O ćwierć punktu procentowego poszły w górę stopy procentowe. Rada Polityki Pieniężnej zdecydowała się na podwyżkę po raz pierwszy od 11 miesięcy. Teraz główna stopa procentowa wynosi 4,75 procent.

Dla naszych pieniędzy oznacza to spore zmiany. Po pierwsze, kredyty w złotym będą droższe - właśnie o około ćwierć punktu procentowego. Po drugie, o jeden punkt procentowy wzrośnie maksymalne oprocentowanie kart kredytowych. Trzeba więc teraz uważać, zadłużając się w ten sposób.

Jest także i dobra wiadomość. Wyższe stopy procentowe oznaczają wyższe oprocentowanie lokat. Oszczędzając, będzie można więcej zarobić.

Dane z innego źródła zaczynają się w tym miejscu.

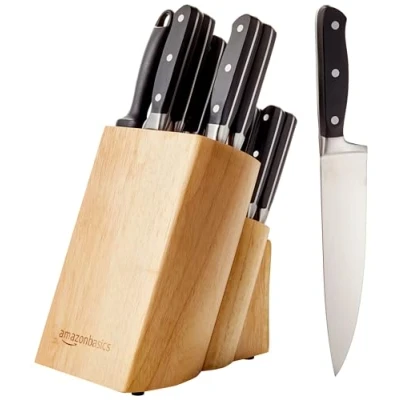 Immagine di Amazon Basics Set Premium di coltelli con Ceppo, 18 unità, Acciaio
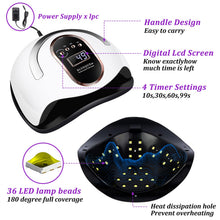 Carica l'immagine nel visualizzatore di Gallery, Lampada Unghie UV LED,72W Lampada UV Unghie Professionale per Manicure/Pedicure,4 Timers da 10s/30s/60s/90s,LCD Display Lampada per unghie per Gel Nail Polish Light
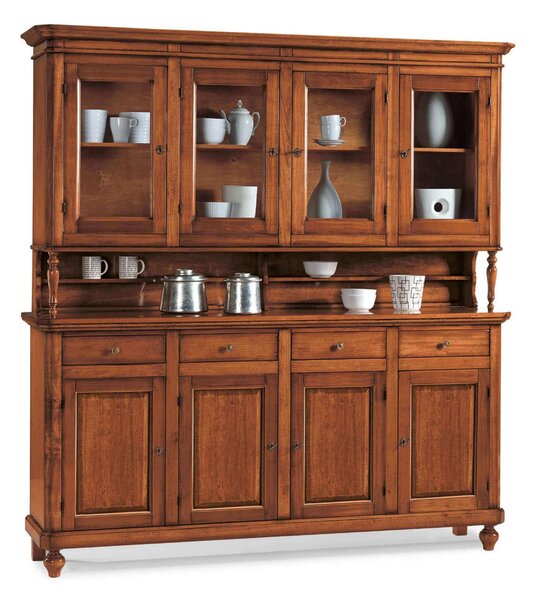 CHELSEY - credenza con vetrina in legno massello cm 196 x 43 x 218 h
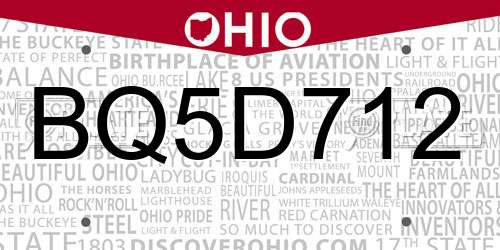 BQ5D712 Ohio License Plate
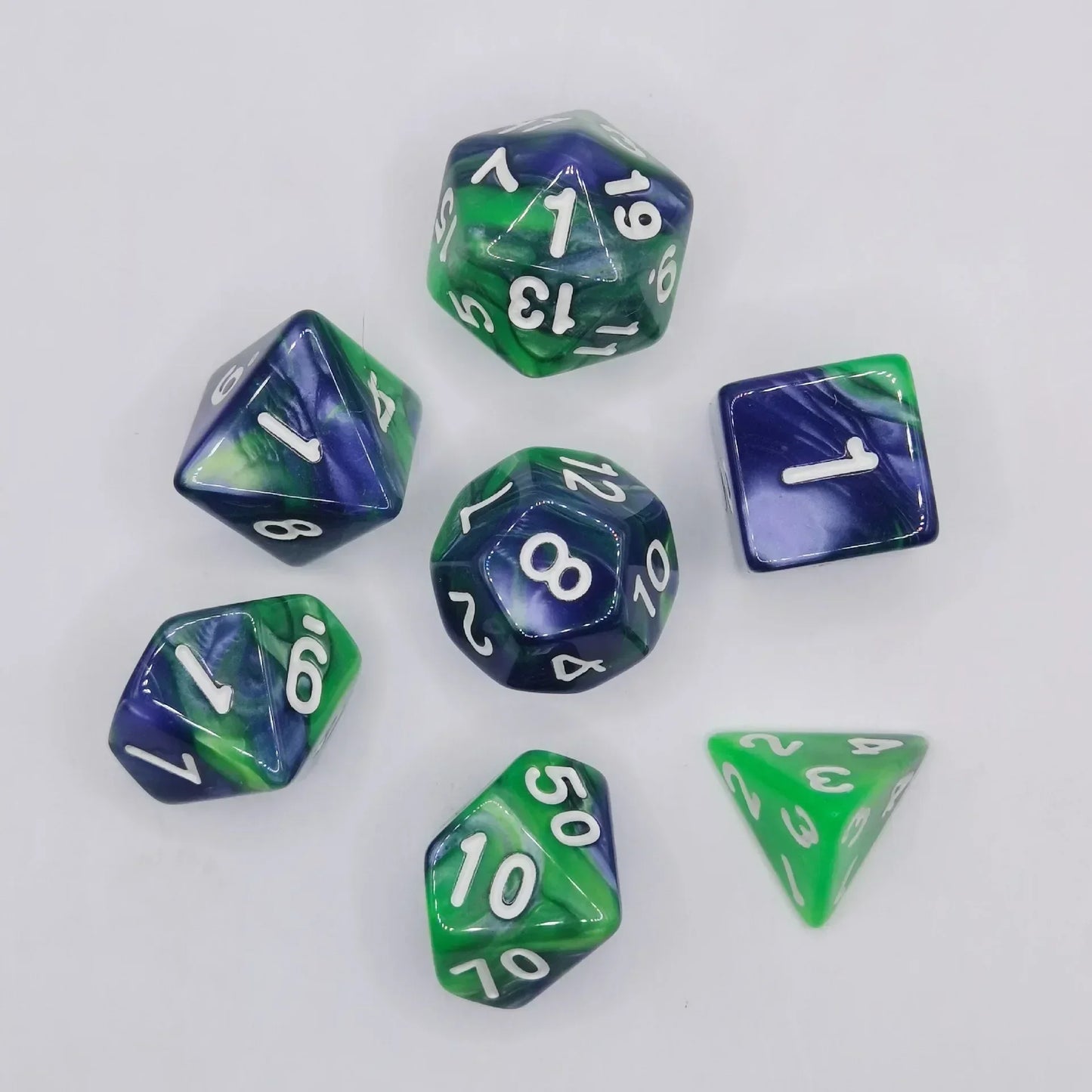 7pcs Set Dual Color Polyhedral Dice Number Dice Kit DND Dice Set for TRPG RPG COC D20 D12 D10 D8 D6 D4 Board Game Running Group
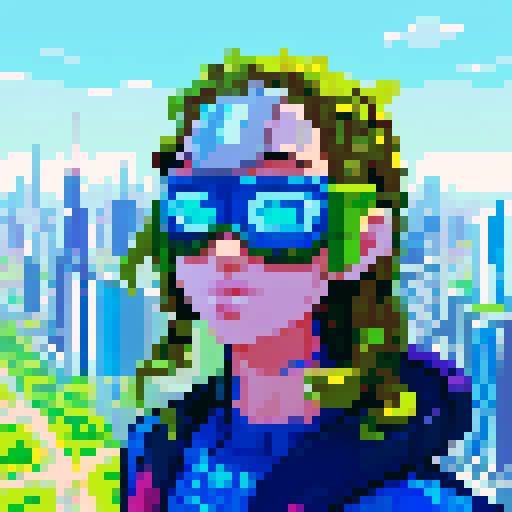 solarpunk American messiah, vibrant colors, lush greenery, futuristic cityscape, towering solar panels, gleaming skyscrapers, pixel art, sRGB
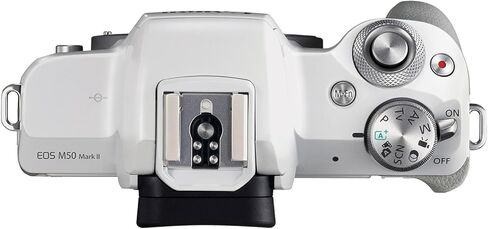Canon EOS M50 Mark II Mirrorless Camera with 15-45mm Lens (White) | 24.1MP APS-C Sensor, Dual Pixel CMOS AF, 4K Video & Vari-Angle Touchscreen | for Vlogging & Content (4729C004) + 64GB Card + Bag in Saudi Arabia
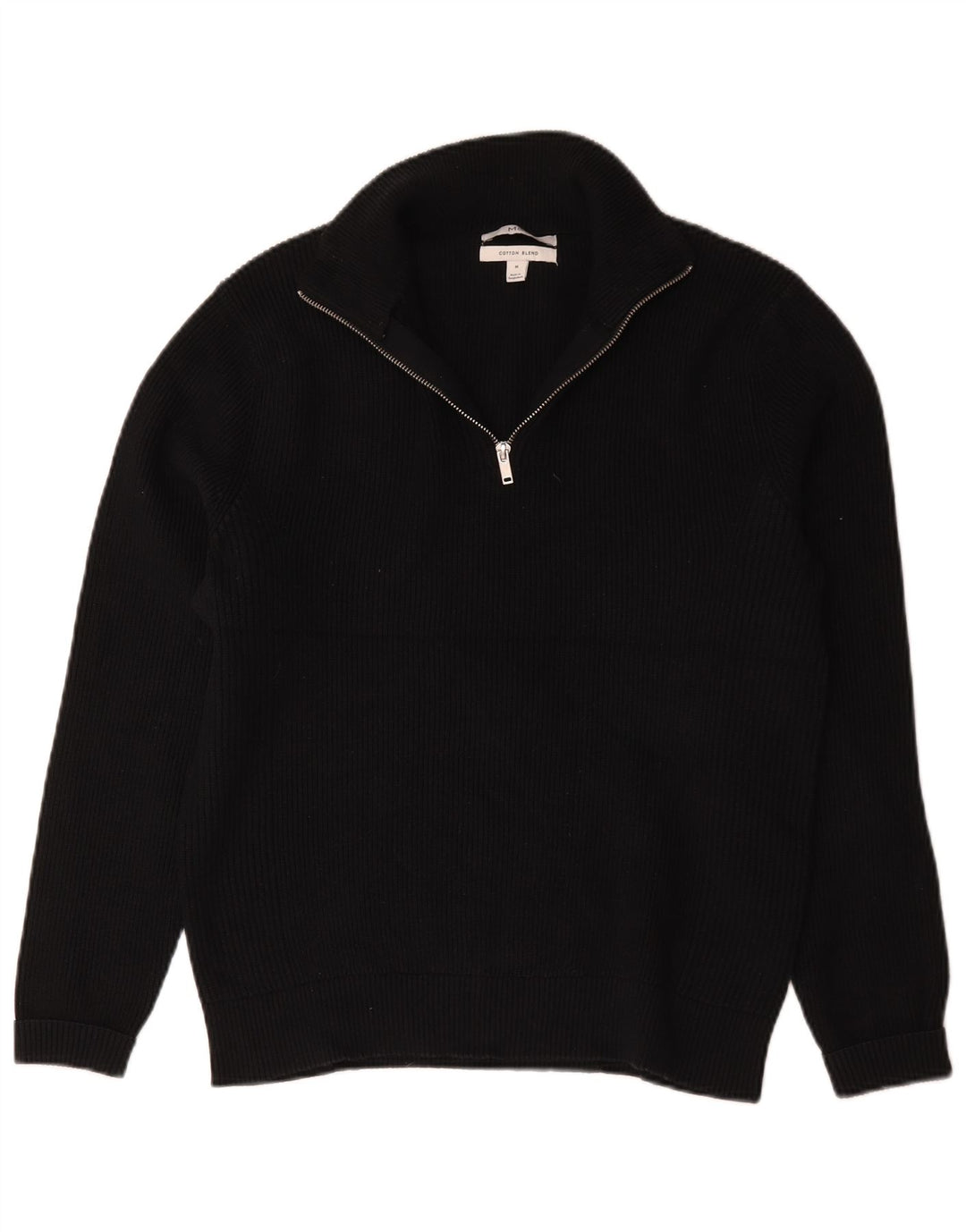 Marks & Spencer Mens Zip Neck Jumper Sweater Medium Navy Blue Cotton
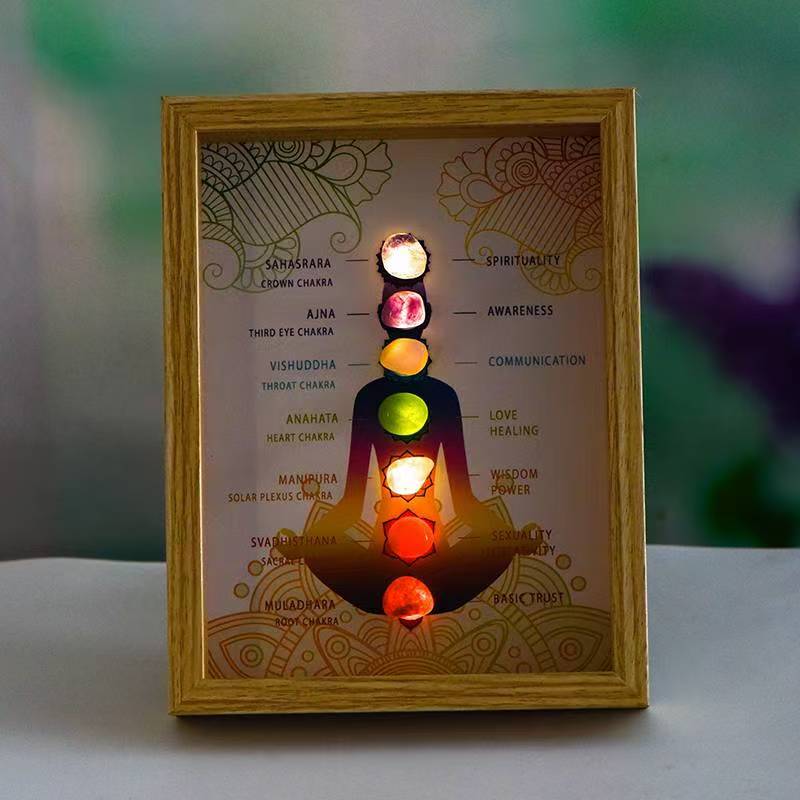 Seven Chakra Crystal Raw Stone Frame (Light Version)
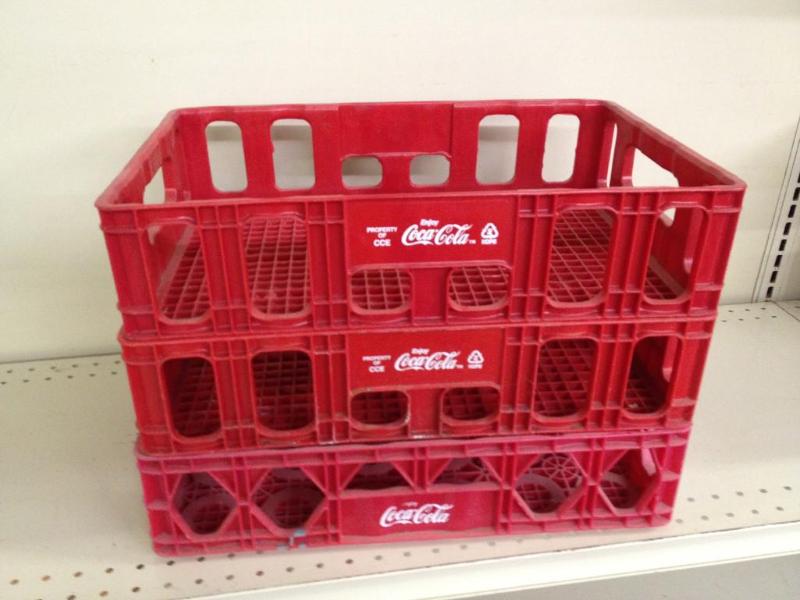 lot 35 image: 3 Red Coca-Cola Crates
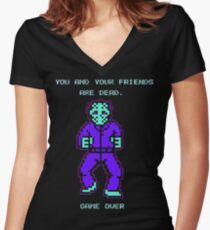 JASON FRIDAY THE 13TH 8-BIT NES Women's Fitted V-Neck T-Shirt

Rada zdecydowała się na tę podwyżkę, by walczyć z wysoką inflacją, czyli by zahamować wzrost cen. Ekonomiści twierdzą jednak, że był to ryzykowny ruch, bo droższe kredyty mogą pogorszyć kondycję polskich przedsiębiorstw.

Wielu ekonomistów zwracało także uwagę na to, że RPP zarządziła podwyżkę zbyt późno. Nasza gospodarka zaczęła już bowiem wyraźnie zwalniać. Dlatego możliwe, że za trzy do sześciu miesięcy RPP zdecyduje się na obniżkę stóp.